An underwater robotic submarine is expected to finish searching a narrowed-down area of the Indian Ocean seabed for the missing Malaysia Airlines plane within a week, the agency coordinating the search announced Saturday.
To date, the U.S. Navy's Bluefin-21 sub has scanned 51 square miles of ocean floor. The sub completed its sixth mission overnight Friday and was searching again Saturday in the waters off the coast of western Australia. The latest data are still being analyzed, but nothing of interest has been noted, the Joint Agency Coordination Center (JACC) said in a statement.
Up to 11 aircraft and 12 ships continued the search for Flight 370 on Saturday as the hunt enters its sixth week.
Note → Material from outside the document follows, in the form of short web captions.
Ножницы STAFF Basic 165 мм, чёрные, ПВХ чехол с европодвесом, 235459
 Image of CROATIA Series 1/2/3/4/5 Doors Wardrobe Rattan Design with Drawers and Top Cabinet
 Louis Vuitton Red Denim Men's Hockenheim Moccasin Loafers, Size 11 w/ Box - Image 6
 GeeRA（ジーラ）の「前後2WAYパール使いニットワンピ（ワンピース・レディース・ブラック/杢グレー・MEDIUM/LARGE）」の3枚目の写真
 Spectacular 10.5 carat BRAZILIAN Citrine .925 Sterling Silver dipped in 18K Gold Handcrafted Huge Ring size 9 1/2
The Australian Maritime Safety Authority planned a visual search of a 19,382-square-mile area Saturday, the JACC said. So far, not a single piece of debris has been recovered, and the search area may be expanded after the sub completes the current search area.
Malaysian Defense Minister Hishamuddin Hussein told reporters in Kuala Lumpur that there are no plans to give up once the Bluefin concludes its work. Instead, he said, the scope of the search may be broadened or other assets may be used.
"The search will always continue," he said. "It is just a matter of approach. All efforts will be intensified for the next few days with regards to the underwater search."
Officials hope to find physical evidence that they are searching in the right spot for the Boeing 777, which vanished March 8 with 239 aboard on a flight from Kuala Lumpur, Malaysia, to Beijing.
The Bluefin is searching water 15,000 feet deep. Sound-locating equipment had last picked up sounds consistent with an airplane's black box on April 8, but since then the "pings" have gone silent.
Radar and satellite data show the plane flew far off-course and would have run out of fuel in a remote section of the Indian Ocean.